(Records from a dataset)
□ □ □ □ □ □ □
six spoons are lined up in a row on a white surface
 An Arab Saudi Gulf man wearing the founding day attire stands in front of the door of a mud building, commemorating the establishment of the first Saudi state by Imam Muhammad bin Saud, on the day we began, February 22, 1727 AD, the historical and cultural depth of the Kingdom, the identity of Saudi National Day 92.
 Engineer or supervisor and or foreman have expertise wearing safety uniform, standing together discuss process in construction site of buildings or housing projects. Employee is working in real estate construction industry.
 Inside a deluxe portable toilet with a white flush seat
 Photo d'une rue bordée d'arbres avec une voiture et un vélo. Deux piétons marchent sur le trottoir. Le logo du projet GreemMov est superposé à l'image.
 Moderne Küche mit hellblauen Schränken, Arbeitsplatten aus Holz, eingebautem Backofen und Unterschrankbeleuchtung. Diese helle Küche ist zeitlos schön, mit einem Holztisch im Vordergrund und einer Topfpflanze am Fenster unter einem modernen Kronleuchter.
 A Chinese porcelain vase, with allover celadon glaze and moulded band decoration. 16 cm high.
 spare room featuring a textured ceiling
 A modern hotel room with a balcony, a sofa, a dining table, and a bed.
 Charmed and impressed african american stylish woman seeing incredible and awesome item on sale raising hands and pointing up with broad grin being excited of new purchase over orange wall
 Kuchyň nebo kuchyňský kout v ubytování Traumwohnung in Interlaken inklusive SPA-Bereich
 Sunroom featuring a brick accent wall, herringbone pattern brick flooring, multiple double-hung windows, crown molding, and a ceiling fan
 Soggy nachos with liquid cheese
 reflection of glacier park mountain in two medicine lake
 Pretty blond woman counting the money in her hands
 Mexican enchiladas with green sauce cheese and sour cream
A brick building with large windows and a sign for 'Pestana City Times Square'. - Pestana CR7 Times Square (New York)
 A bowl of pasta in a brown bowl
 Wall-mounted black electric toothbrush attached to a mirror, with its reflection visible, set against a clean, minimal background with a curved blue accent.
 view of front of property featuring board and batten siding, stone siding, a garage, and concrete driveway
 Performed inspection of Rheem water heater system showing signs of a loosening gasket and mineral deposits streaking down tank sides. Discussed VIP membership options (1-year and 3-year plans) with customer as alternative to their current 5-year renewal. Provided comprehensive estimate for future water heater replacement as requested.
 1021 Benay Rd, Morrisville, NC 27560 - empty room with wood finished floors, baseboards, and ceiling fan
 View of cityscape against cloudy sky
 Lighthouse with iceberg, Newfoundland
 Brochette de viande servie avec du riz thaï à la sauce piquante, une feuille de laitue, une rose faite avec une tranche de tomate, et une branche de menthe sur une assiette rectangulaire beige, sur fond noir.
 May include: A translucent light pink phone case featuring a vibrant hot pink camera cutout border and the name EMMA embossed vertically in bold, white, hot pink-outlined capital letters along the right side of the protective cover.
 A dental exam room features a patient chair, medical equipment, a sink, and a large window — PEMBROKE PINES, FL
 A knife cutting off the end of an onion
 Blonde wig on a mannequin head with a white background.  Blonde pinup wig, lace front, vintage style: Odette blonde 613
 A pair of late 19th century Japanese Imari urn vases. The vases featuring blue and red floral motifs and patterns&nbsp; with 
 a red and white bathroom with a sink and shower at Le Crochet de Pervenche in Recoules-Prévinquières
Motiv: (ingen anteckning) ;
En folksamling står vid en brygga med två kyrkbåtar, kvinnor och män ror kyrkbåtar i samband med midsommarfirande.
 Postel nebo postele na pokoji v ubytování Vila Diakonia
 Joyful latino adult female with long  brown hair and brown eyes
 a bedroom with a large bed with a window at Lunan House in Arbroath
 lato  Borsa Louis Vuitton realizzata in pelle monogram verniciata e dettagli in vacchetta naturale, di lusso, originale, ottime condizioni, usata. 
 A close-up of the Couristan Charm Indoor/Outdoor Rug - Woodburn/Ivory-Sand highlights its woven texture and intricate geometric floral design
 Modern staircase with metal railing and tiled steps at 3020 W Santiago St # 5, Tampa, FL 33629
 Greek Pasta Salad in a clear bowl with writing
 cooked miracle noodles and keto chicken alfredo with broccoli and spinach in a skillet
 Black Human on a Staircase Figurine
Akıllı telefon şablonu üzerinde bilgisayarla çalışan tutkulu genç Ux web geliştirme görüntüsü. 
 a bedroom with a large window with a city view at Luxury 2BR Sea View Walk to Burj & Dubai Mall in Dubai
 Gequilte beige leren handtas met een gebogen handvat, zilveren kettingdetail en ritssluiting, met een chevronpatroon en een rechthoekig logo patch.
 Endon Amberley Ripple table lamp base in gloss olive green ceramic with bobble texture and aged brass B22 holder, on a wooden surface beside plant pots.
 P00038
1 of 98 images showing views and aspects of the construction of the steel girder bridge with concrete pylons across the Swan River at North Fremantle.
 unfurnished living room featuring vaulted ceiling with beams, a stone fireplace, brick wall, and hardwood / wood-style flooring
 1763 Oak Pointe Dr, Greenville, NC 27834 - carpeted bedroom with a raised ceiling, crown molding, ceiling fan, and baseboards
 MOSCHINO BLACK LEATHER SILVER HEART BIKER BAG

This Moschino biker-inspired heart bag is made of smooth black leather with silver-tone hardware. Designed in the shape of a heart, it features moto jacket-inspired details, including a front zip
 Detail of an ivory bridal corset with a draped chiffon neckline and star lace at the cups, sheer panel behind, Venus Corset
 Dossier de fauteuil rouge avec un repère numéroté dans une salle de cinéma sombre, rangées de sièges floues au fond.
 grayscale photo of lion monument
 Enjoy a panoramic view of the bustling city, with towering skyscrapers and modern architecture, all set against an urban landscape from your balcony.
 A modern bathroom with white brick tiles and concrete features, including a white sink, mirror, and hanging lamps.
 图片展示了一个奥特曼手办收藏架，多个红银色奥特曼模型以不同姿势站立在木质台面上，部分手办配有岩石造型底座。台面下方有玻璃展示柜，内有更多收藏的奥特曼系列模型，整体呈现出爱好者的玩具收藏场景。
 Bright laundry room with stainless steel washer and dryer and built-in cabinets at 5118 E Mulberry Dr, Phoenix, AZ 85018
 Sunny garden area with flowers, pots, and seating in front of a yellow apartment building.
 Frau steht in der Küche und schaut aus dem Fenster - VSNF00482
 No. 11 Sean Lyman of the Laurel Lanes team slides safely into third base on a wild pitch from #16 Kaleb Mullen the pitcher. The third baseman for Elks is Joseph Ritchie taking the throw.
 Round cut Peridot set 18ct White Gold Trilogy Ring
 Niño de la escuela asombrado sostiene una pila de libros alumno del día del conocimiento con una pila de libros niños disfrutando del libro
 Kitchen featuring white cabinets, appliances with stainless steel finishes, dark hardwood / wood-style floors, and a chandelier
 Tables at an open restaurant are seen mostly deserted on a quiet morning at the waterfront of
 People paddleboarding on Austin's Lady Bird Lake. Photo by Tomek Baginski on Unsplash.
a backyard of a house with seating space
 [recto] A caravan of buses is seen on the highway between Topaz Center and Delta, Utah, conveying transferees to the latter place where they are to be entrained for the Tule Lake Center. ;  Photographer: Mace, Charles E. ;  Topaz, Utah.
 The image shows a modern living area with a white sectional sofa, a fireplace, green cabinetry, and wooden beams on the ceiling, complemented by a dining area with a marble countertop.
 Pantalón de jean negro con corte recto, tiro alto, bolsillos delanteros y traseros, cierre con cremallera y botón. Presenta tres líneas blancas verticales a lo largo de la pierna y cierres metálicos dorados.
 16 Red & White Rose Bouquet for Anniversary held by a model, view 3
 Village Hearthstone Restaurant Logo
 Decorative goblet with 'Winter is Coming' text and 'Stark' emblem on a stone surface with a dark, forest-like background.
□ □ □ □ □ □ □
Work to complete ▸
All lines from the one with "Niño de la escuela" onward to the end of the records above should be repeated exactly, and only those lines.

Answer section ▸
 Niño de la escuela asombrado sostiene una pila de libros alumno del día del conocimiento con una pila de libros niños disfrutando del libro
 Kitchen featuring white cabinets, appliances with stainless steel finishes, dark hardwood / wood-style floors, and a chandelier
 Tables at an open restaurant are seen mostly deserted on a quiet morning at the waterfront of
 People paddleboarding on Austin's Lady Bird Lake. Photo by Tomek Baginski on Unsplash.
a backyard of a house with seating space
 [recto] A caravan of buses is seen on the highway between Topaz Center and Delta, Utah, conveying transferees to the latter place where they are to be entrained for the Tule Lake Center. ;  Photographer: Mace, Charles E. ;  Topaz, Utah.
 The image shows a modern living area with a white sectional sofa, a fireplace, green cabinetry, and wooden beams on the ceiling, complemented by a dining area with a marble countertop.
 Pantalón de jean negro con corte recto, tiro alto, bolsillos delanteros y traseros, cierre con cremallera y botón. Presenta tres líneas blancas verticales a lo largo de la pierna y cierres metálicos dorados.
 16 Red & White Rose Bouquet for Anniversary held by a model, view 3
 Village Hearthstone Restaurant Logo
 Decorative goblet with 'Winter is Coming' text and 'Stark' emblem on a stone surface with a dark, forest-like background.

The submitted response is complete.